[Opening DATASET SECTION section]
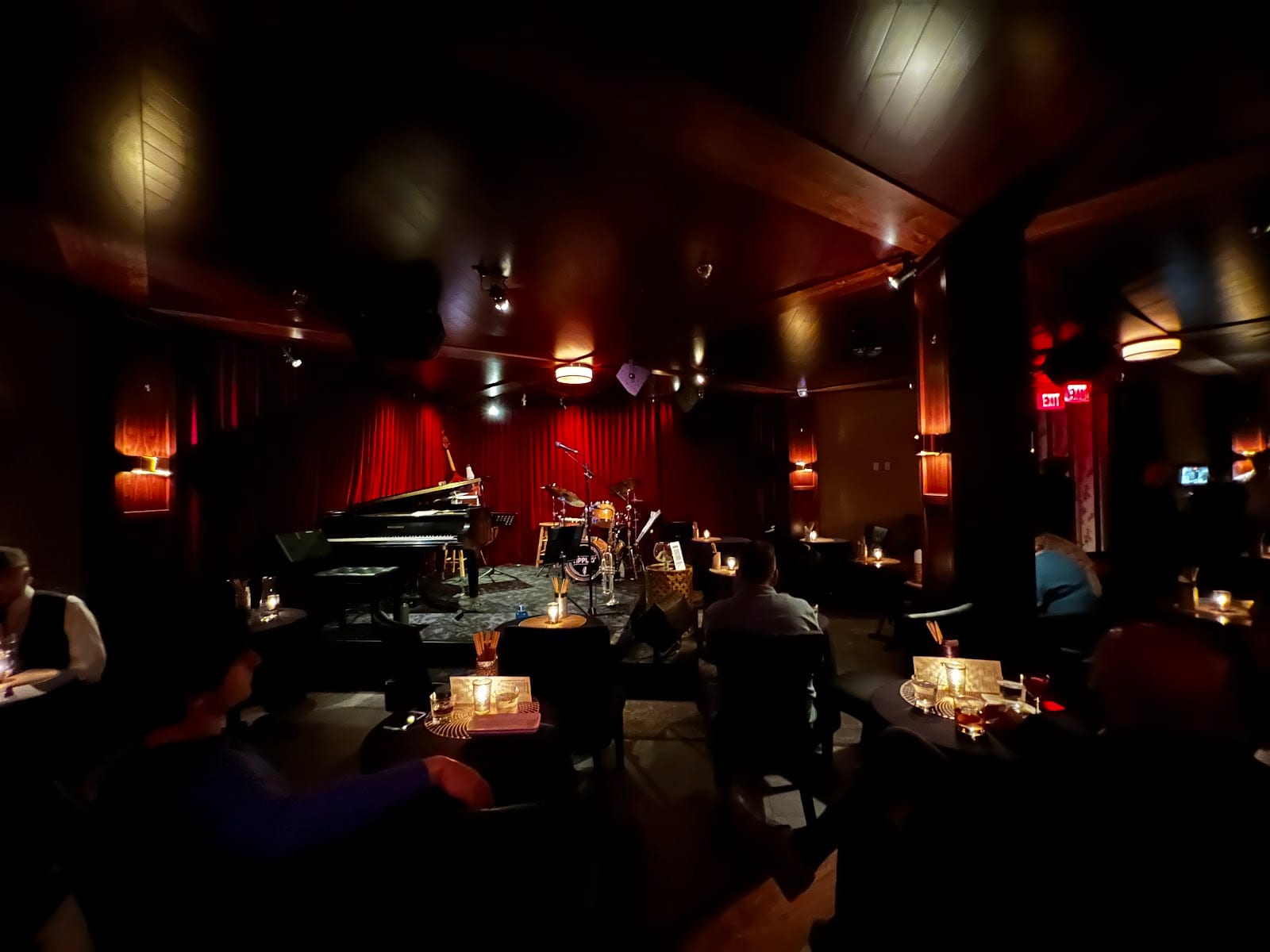 Mr. Tipple's Jazz Club, photo 4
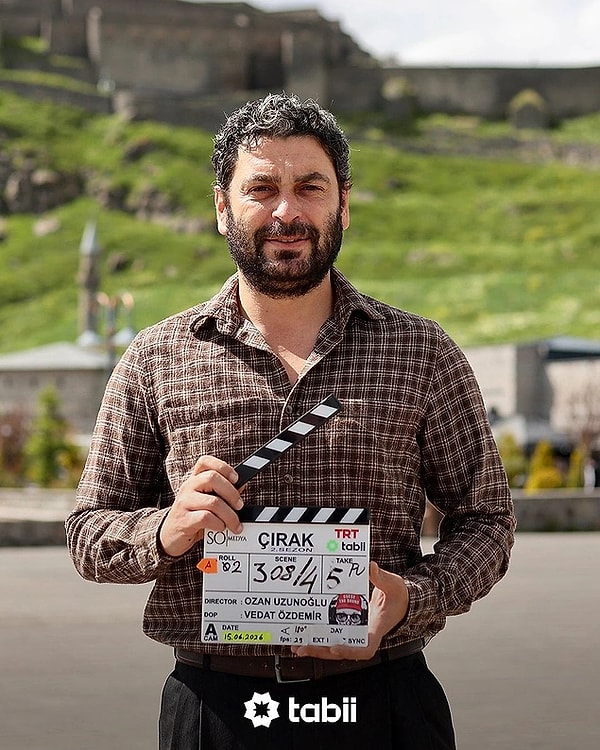Kanal D'nin fenomen dizisi Uzak Şehir'in Cihan Albora'sı Ozan Akbaba, Uzak Şehir'in sezon finali yapmasıyla Tabii dizisi Çırak'ın çekimlerine başladı.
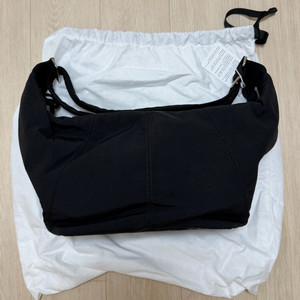 새상품) 뮤니에 나일론 크로스백 블랙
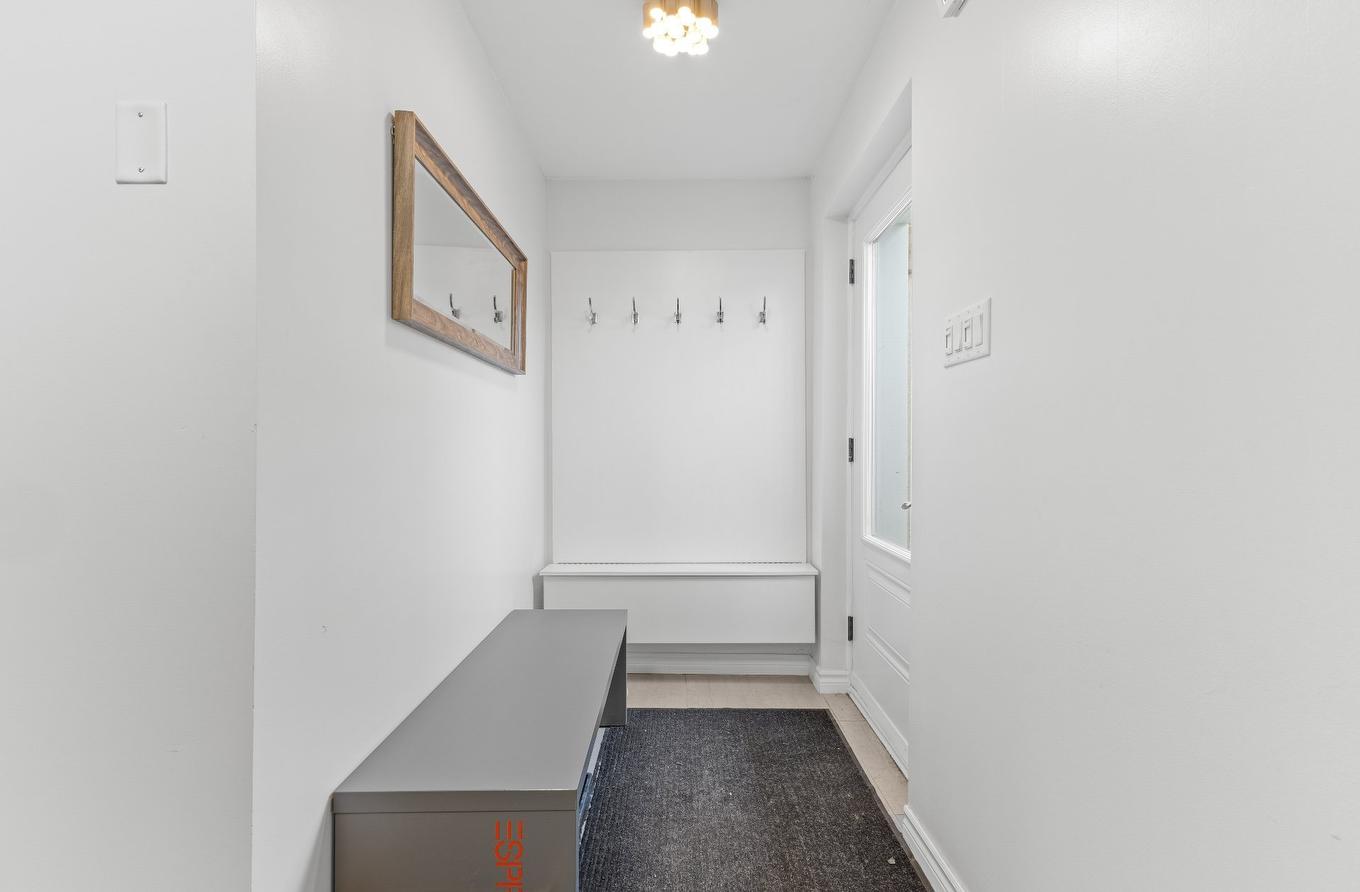 Hall - 122 Rue Jean-Talon, Saint-Jean-Sur-Richelieu, QC - Indoor Photo Showing Other Room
[Closing DATASET SECTION section]
PROBLEM — The pictures in the data should be omitted, and every remaining line set down exactly.

SOLUTION BELOW —
 Mr. Tipple's Jazz Club, photo 4
Kanal D'nin fenomen dizisi Uzak Şehir'in Cihan Albora'sı Ozan Akbaba, Uzak Şehir'in sezon finali yapmasıyla Tabii dizisi Çırak'ın çekimlerine başladı.
 새상품) 뮤니에 나일론 크로스백 블랙
 Hall - 122 Rue Jean-Talon, Saint-Jean-Sur-Richelieu, QC - Indoor Photo Showing Other Room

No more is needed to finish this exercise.